我可以使用NLTK计算BIGRAM的PMI,如下
bigram_measures = nltk.collocations.BigramAssocMeasures()
finder = BigramCollocationFinder.from_words(word_tokenize(text))
for i in finder.score_ngrams(bigram_measures.pmi):
print(i)
所示:
(('is', 'a'), 4.523561956057013)
(('this', 'is'), 4.523561956057013)
(('a', 'foo'), 2.938599455335857)
(('sheep', 'shep'), 2.938599455335857)
(('black', 'sentence'), 2.523561956057013)
(('black', 'sheep'), 2.523561956057013)
(('sheep', 'foo'), 2.353636954614701)
(('bar', 'black'), 1.523561956057013)
(('foo', 'bar'), 1.523561956057013)
(('shep', 'bar'), 1.523561956057013)
(('bar', 'bar'), 0.5235619560570131)
现在:要检查自己的理解,我想为PMI('Black','sheep')找到PMI。 PMI公式为:
文本中有4个'黑色'实例,文字中有3个'绵羊'实例,黑色和黑色和绵羊来了总共3次,文本的长度为23。现在遵循我做的公式:
np.log((3/23)/((4/23)*(3/23)))
这给出了1.749199854809259而不是2.523561956057013。我想知道为什么这里有差异?我在这里想念什么?
Suppose I have the following text:
text = "this is a foo bar bar black sheep foo bar bar black sheep foo bar bar black sheep shep bar bar black sentence"

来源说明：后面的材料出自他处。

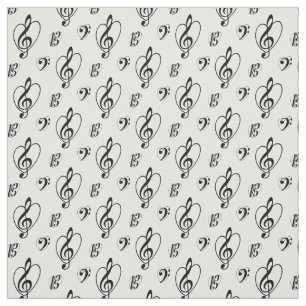 "I Love Clefs" Fabric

I can calculate the PMI for bigram using NLTK as follow:
bigram_measures = nltk.collocations.BigramAssocMeasures()
finder = BigramCollocationFinder.from_words(word_tokenize(text))
for i in finder.score_ngrams(bigram_measures.pmi):
print(i)
which gives:
(('is', 'a'), 4.523561956057013)
(('this', 'is'), 4.523561956057013)
(('a', 'foo'), 2.938599455335857)
(('sheep', 'shep'), 2.938599455335857)
(('black', 'sentence'), 2.523561956057013)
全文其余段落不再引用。